Monday, 23 December 2019

Hollywood Here I Come

I once woke up outside Bakersfield hungover and disoriented. I should have known exactly where we were as hometown hero Merle Haggard had just come on the car radio. 

We had intended to visit LA but the back seat of our car went on fire somewhere in the Mojave Desert so instead we pressed on for our ultimate destination, San Francisco.

If that all sounds a little vague, that was the mood back in the GPS-less mid-70’s whilst doing one’s obligatory Keroauc On The Road trip from Brooklyn to the Wild West.

My friend, Bob Schwenk and I had contracted to drive a brand new Audi to the City on the Bay for a very unlucky stockbroker who was relocating there. 

We hit black ice some hours out of NYC, barely missed a state trooper and collided with a jackknifed truck on Route 80.

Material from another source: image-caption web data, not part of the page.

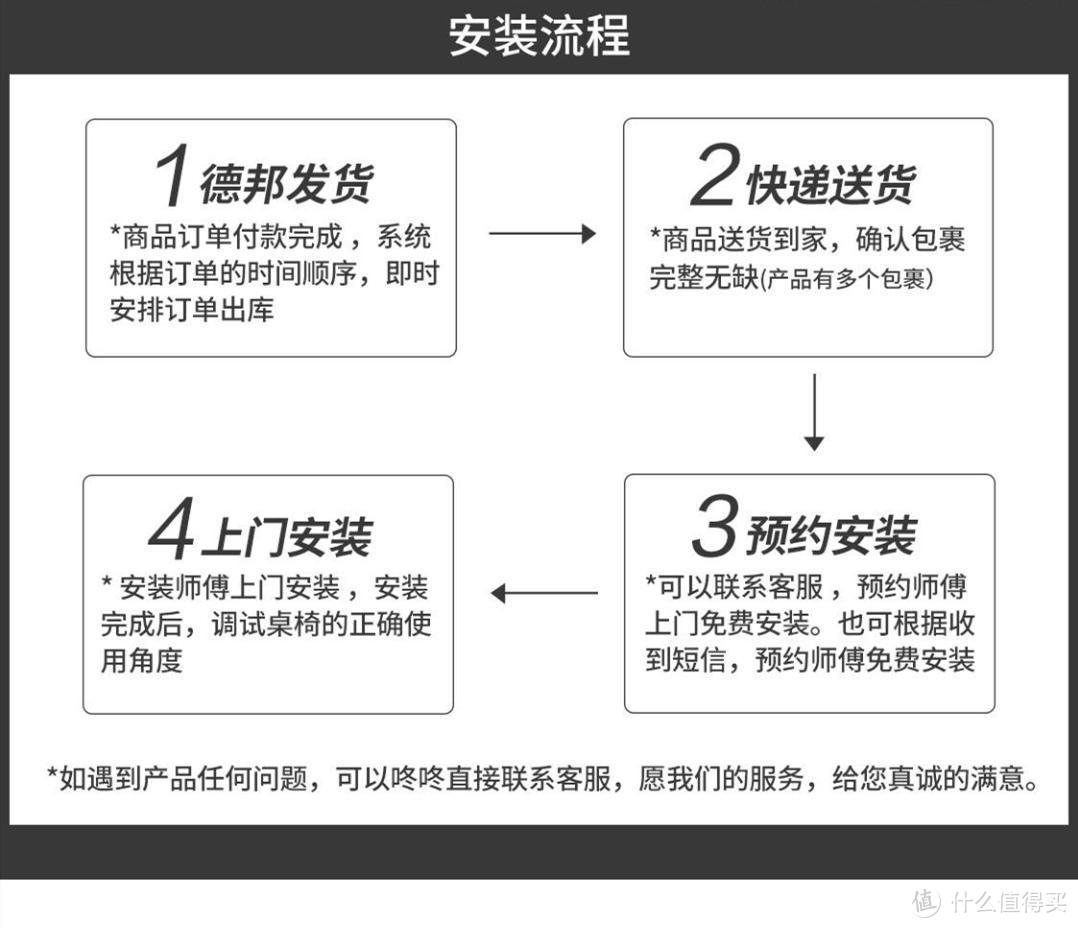 与孩子健康、快乐学习随行——七色花儿童学习桌椅套装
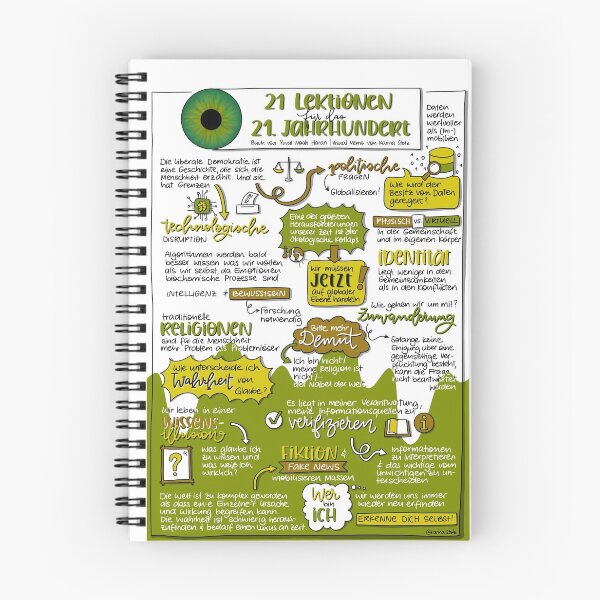 Item preview, 21 lecciones para el siglo XXI - Memo visual de Karina Stolz designed and sold by VisualMemos.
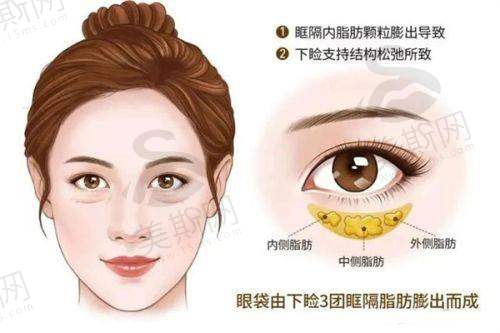 医院就诊指南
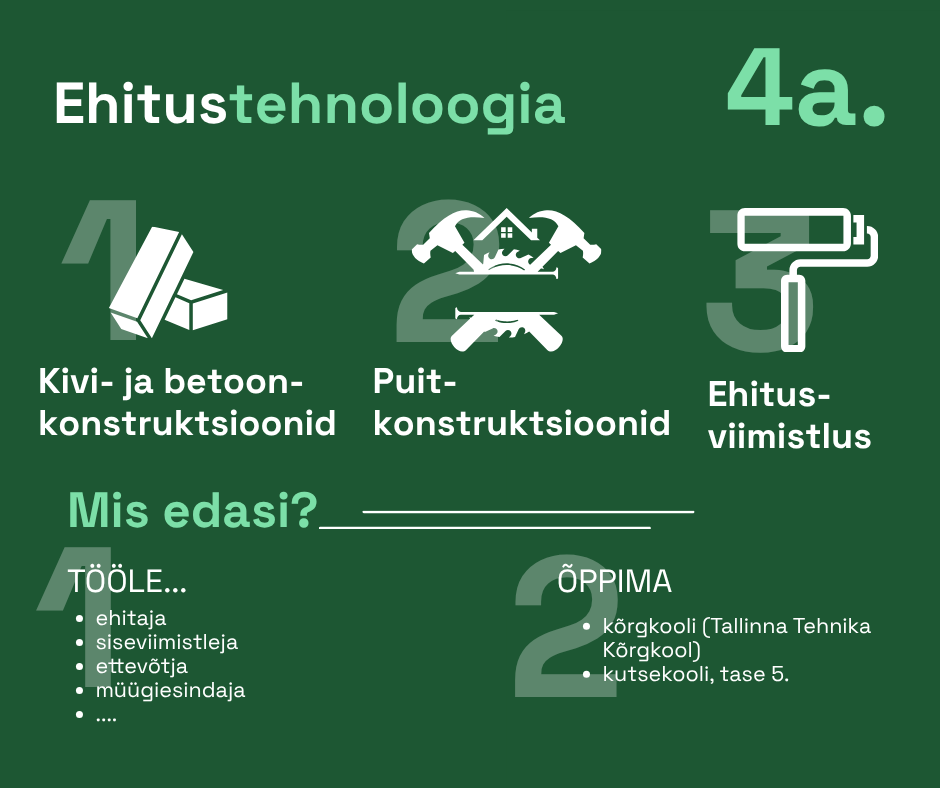 Võrumaa Haridus- ja Tehnoloogiakeskus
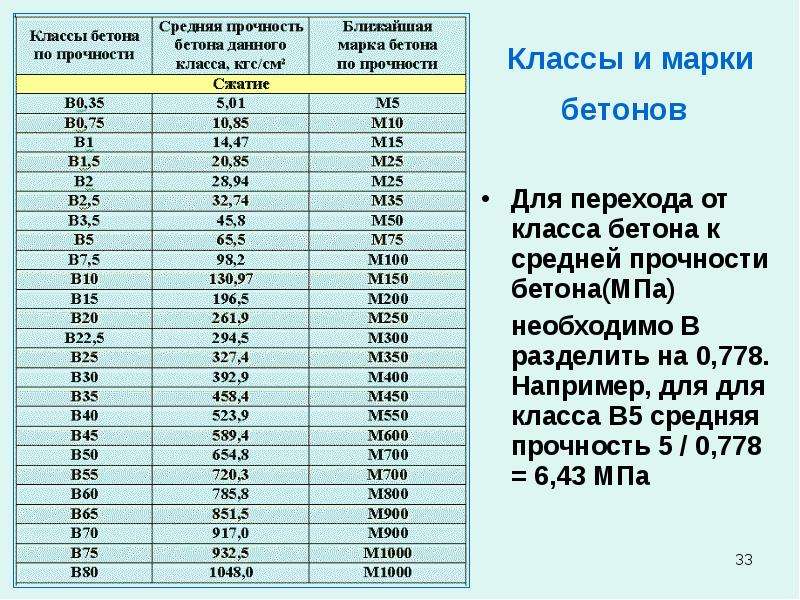 Прочность на сжатие. Бетон б25 прочность на сжатие. Прочность бетона b20 марка. В25 марка бетона прочность. Прочность в МПА для бетона марки 200.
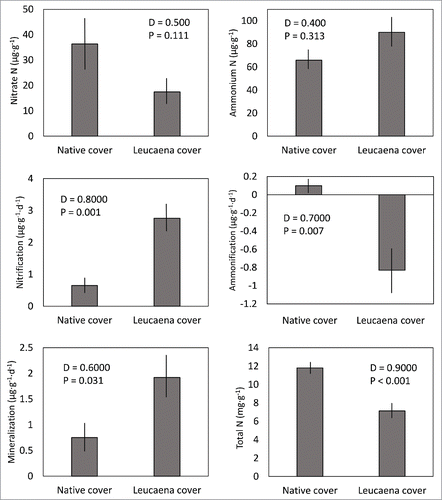 Figure 1. Available nitrate, available ammonium, net nitrification rate, net ammonification rate, net mineralization rate, and total nitrogen of soils as influenced by Leucaena leucocephala tree cover versus biodiverse native tree cover. D = Kolmogorov-Smirnov statistic. Mean + SE, n = 10.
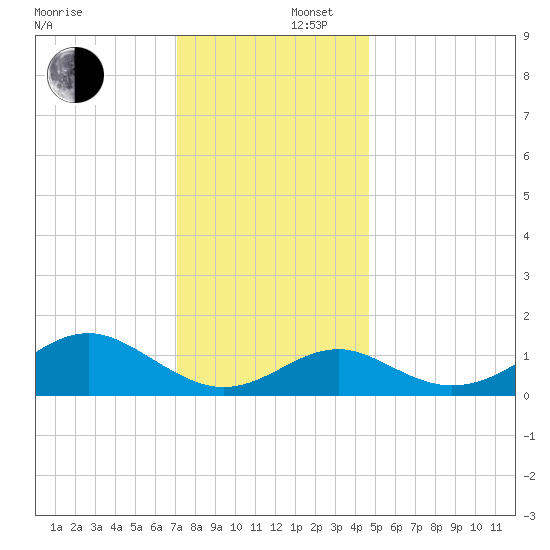 Sassafras River tide chart for Tuesday, December 5, 2023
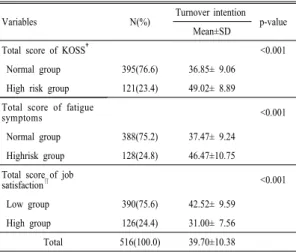 Table  3. Correlation coefficients among job stress,  fatigue symptoms, job satisfaction and  turnover intention Variables Turnover  intention Job stress Fatigue  symptoms  Job  satisfaction Turnover intention 1.000 Job stress   0.635 ** 1.000 Fatigue symp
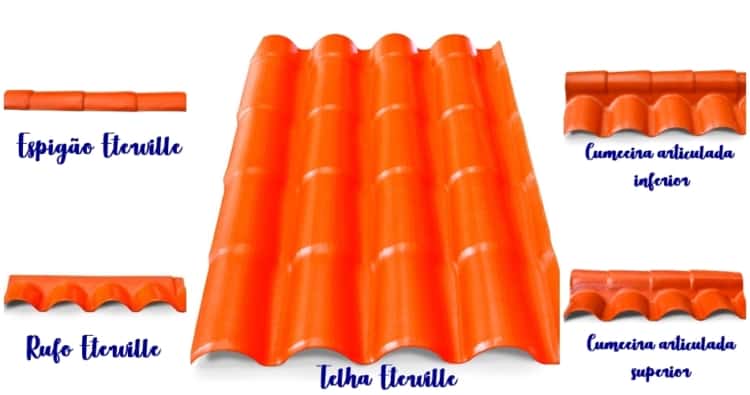 telha eternit que imita cerâmica
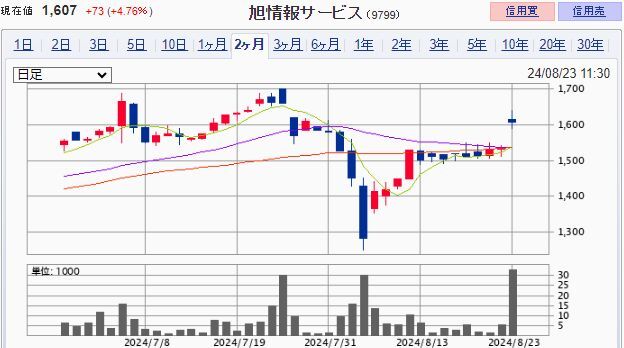 �����󥵡��ӥ� ��9799��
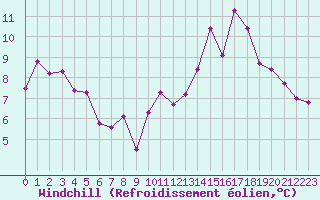 Courbe du refroidissement olien pour Pomrols (34)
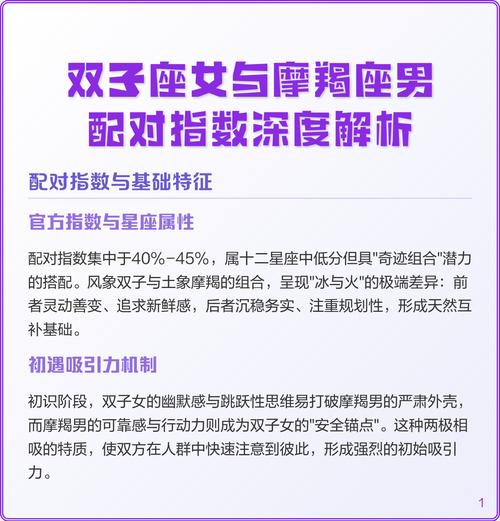 双子座和摩羯座配对指数是多少？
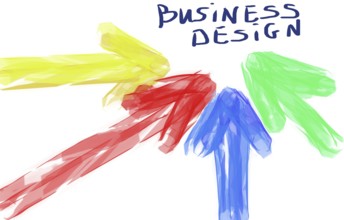 Business Concepts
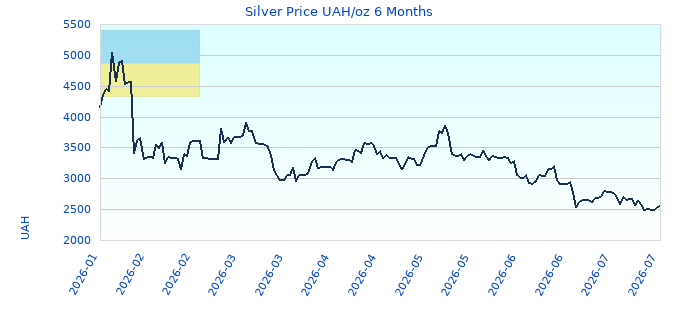 Silver Price UAH/oz 6 Months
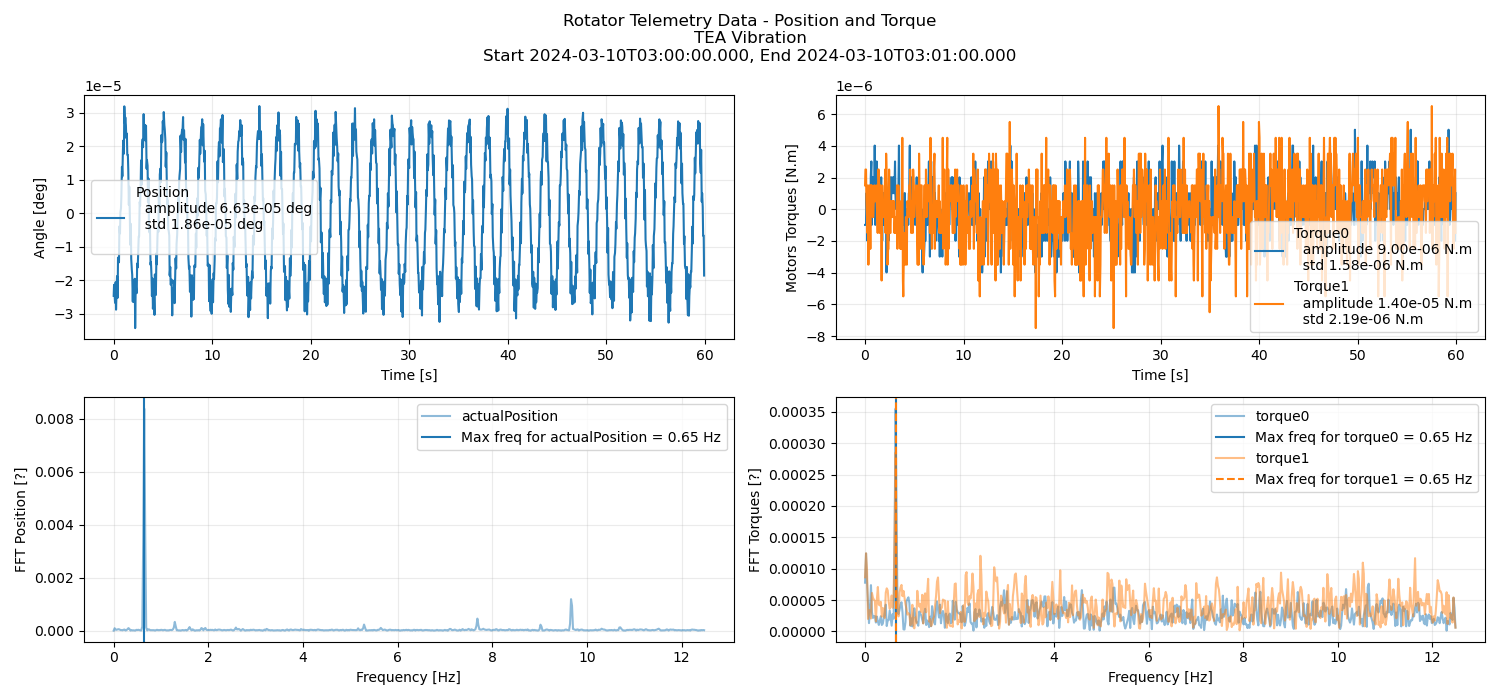 _images/rotator_data_tea_vibration.png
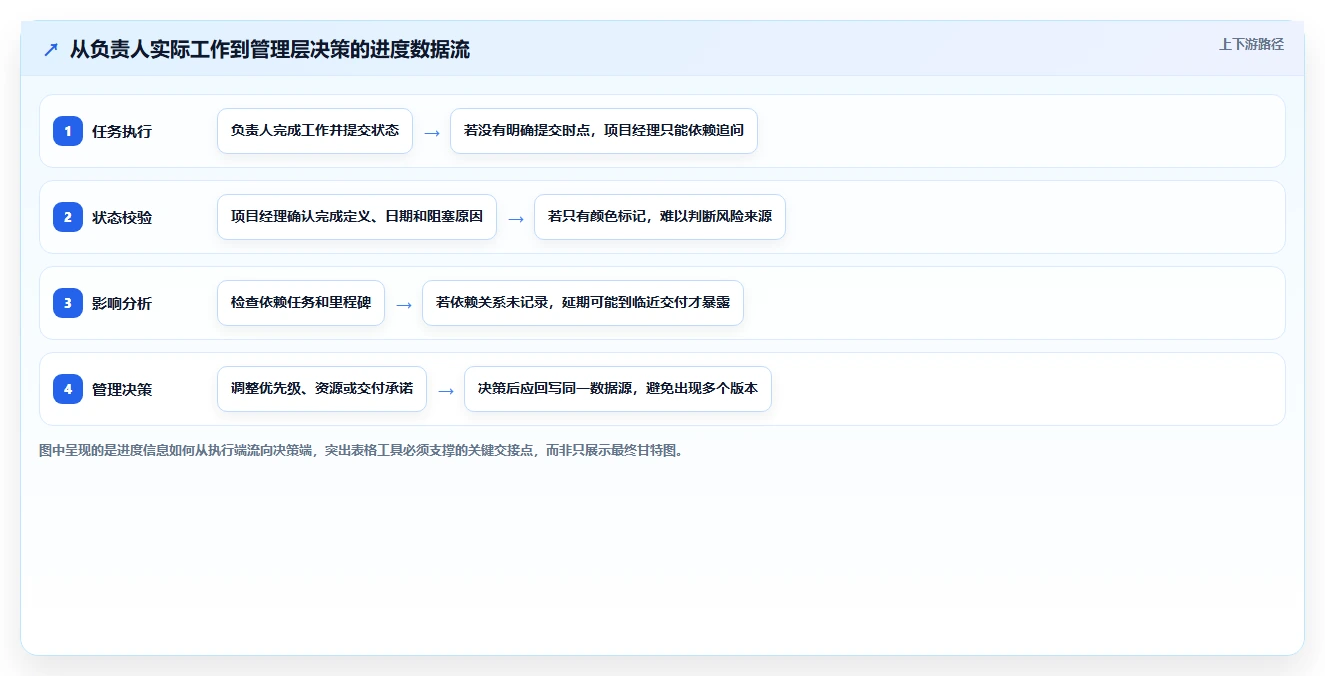 提升效率神器：2026年度7大项目进度excel表工具对比指南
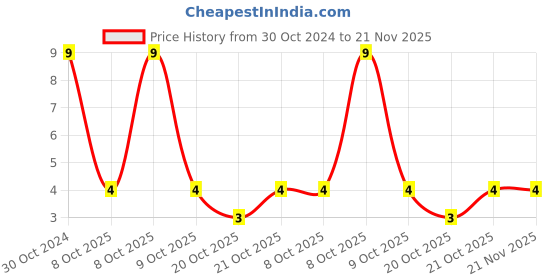 robu.in S500-1-R-EATON BUSSMANN-S500-1-R-Fuse, Cartridge, Fast Acting, 1 A, 250 V, 5mm x 20mm, S500 Price History Graph from 30 Oct 2024 to 21 Nov 2025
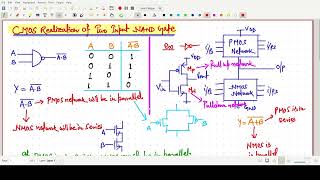 CMOS Realization of Two Input NAND Gate With MOS ON OFF Operation
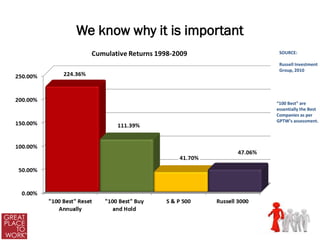We know why it is important
                               SOURCE:

                               Russell Investment
                               Group, 2010




                              “100 Best” are
                              essentially the Best
                              Companies as per
                              GPTW’s assessment.
 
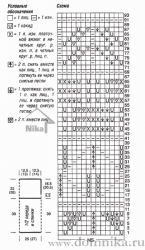 Вязание спицами для женщин схемы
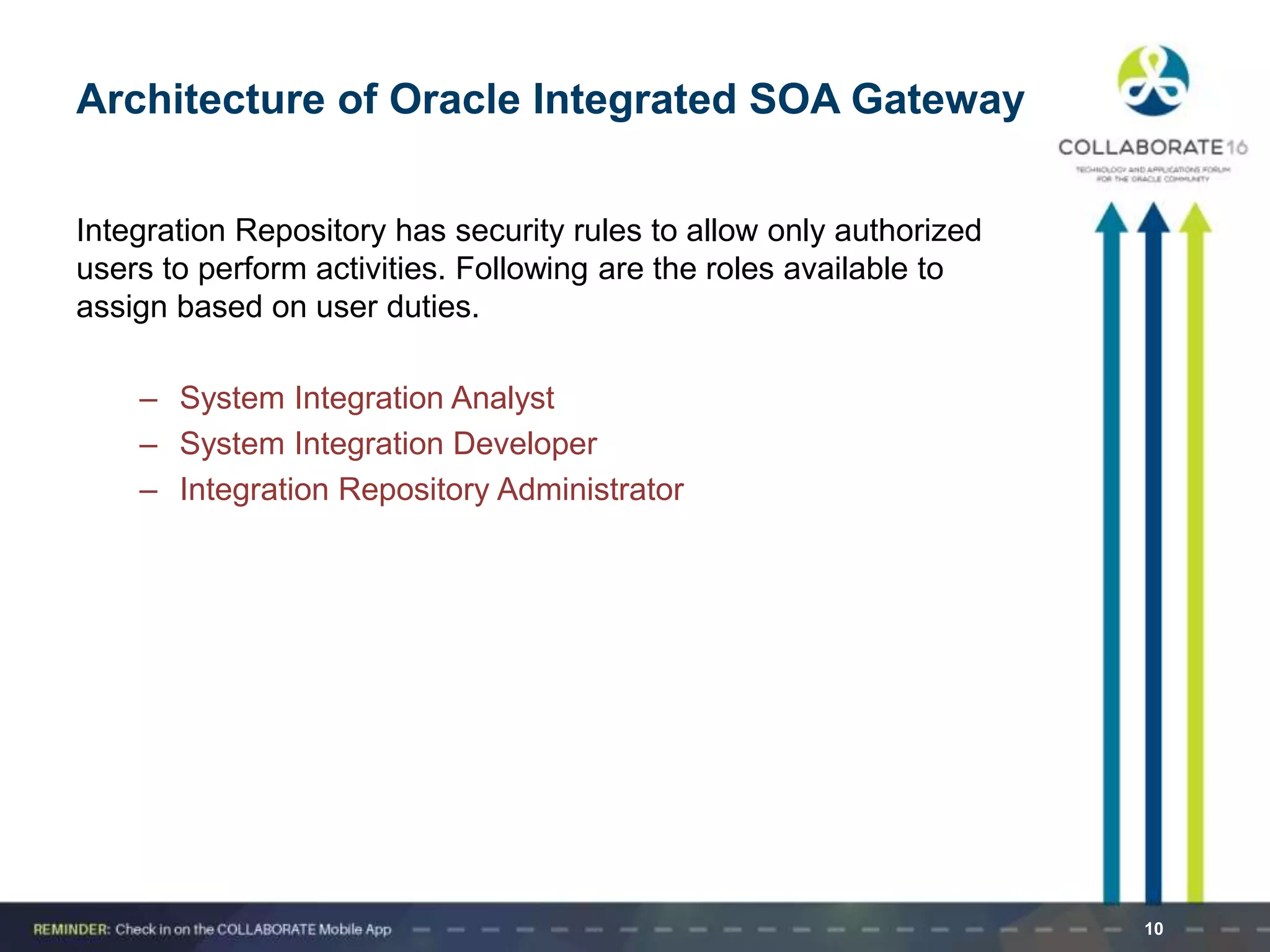 Integration Repository has security rules to allow only authorized
users to perform activities. Following are the roles available to
assign based on user duties.
– System Integration Analyst
– System Integration Developer
– Integration Repository Administrator
10
Architecture of Oracle Integrated SOA Gateway
 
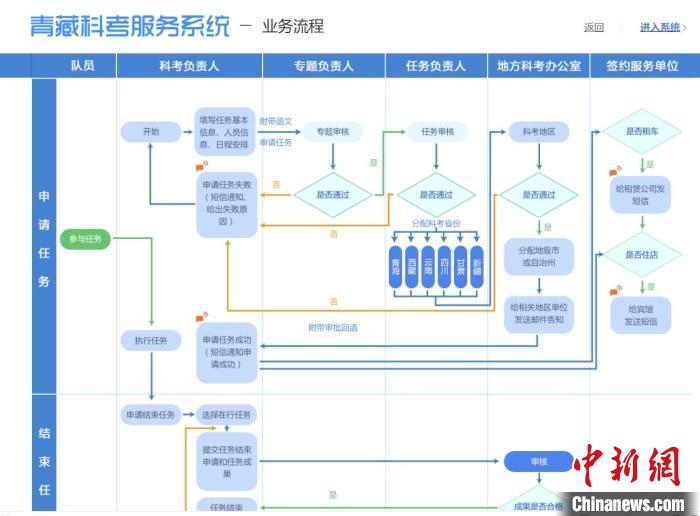 圖為第二次青藏高原綜合科學(xué)考察服務(wù)保障系統(tǒng)。青海省科技廳供圖 青海省科技廳供圖 攝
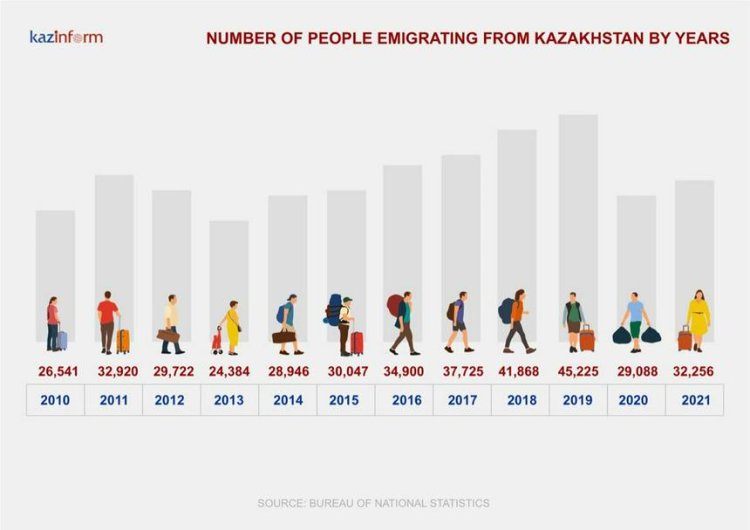 أحدث البيانات: انخفاض عدد المهاجرين من كازاخستان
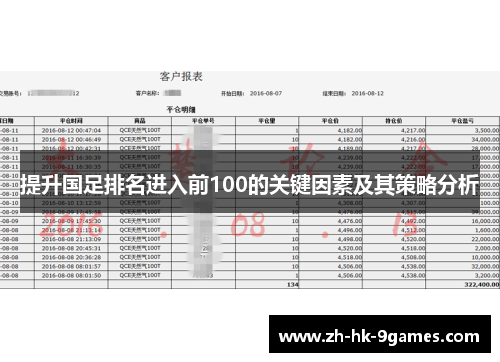 提升国足排名进入前100的关键因素及其策略分析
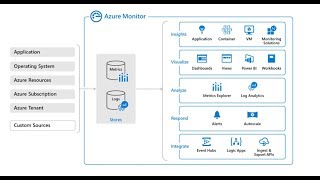 Full Stack Monitoring & Diagnostics with Azure Monitor and Application Insights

After managing to beat a reckless driving charge, a very large auto mechanic stood on the hood of the brand new Audi with a sledgehammer and beat it back into some kind of shape, then bound it with a huge metal chain and off we went. 

Let’s just say it was not a happy day for the stockbroker when we chugged down the driveway of his lovely Mill Valley residence.

I did finally make it to LA in some triumph in the early 90’s when Black 47 was the next big thing. 

Funky CeilĂ­ had just been deemed the most played song on Alternative Radio when EMI Records flew Chris Byrne and yours truly out to do two solid 10-hour days of radio interviews. 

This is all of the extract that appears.